Carl William Struever (everyone calls him Bill) adopts buildings that others have discarded, neglected or marked for destruction. He sees what they want to be, what purpose these abandoned hulks might serve in the communities that surround them. And with single-minded resolve, he helps them fulfill that potential.
You can spot Mr. Struever's work all around Baltimore -- almost anywhere an old warehouse or industrial plant is thriving as a home or an office, a bookstore or a restaurant.
And if you take a step back, you can see his impact. By restoring hope to buildings that everyone else has given up on, he's also helping to restore hope to a city that many people have forsaken.
This year, Mr. Struever's plans to create a "Digital Harbor" started to pay off, bringing high-tech jobs to both sides of Baltimore's harbor, from the American Can Co. in Canton to the newly restored Tide Point, site of the old Procter & Gamble plant.
His achievement has significant implications for Baltimore's waterfront, and by extension, the city. And it is the primary reason we've chosen Mr. Struever, 48, as our Marylander of the Year.

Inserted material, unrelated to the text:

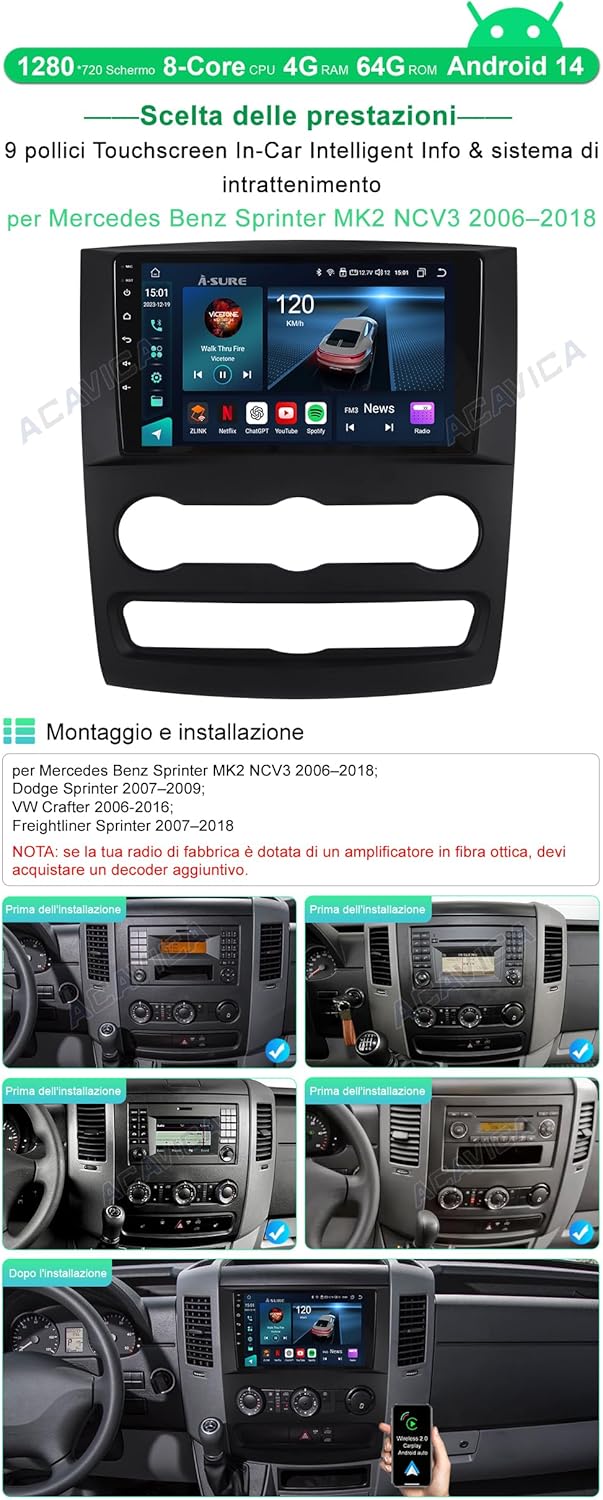 Acavica Autoradio Android 14 per Mercedes Benz Sprinter MK2 - immagine 2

It might be easy to view Mr. Struever as just another of Baltimore's many developers -- a rich guy who makes himself richer by putting up office complexes, stores or housing units.
But that view understates the development challenges Mr. Struever and his partners at Struever Bros., Eccles & Rouse confront without blinking, and the gambles they take in the name of urban revitalization. What they do is all about risks. It's about fighting through setbacks, headaches and environmental and financial constraints to make something work where others have failed.
Anyone can put up an office building on a pristine patch of open land in the suburbs. Not just anyone can bring life to rejected urban relics.
The American Can Co. in Canton is a good example.
It sat unused for nearly three decades and was slated for demolition twice before Mr. Struever got involved.
The site was polluted with lead and oil. The buildings had odd footprints that didn't lend themselves cleanly to modern needs for office space or commercial ventures.
But Mr. Struever saw possibilities. Taking care of the pollution was just a matter of patience and money. And he knew if he could secure historic tax credits for the property -- again, with patience and money -- he could make the numbers work.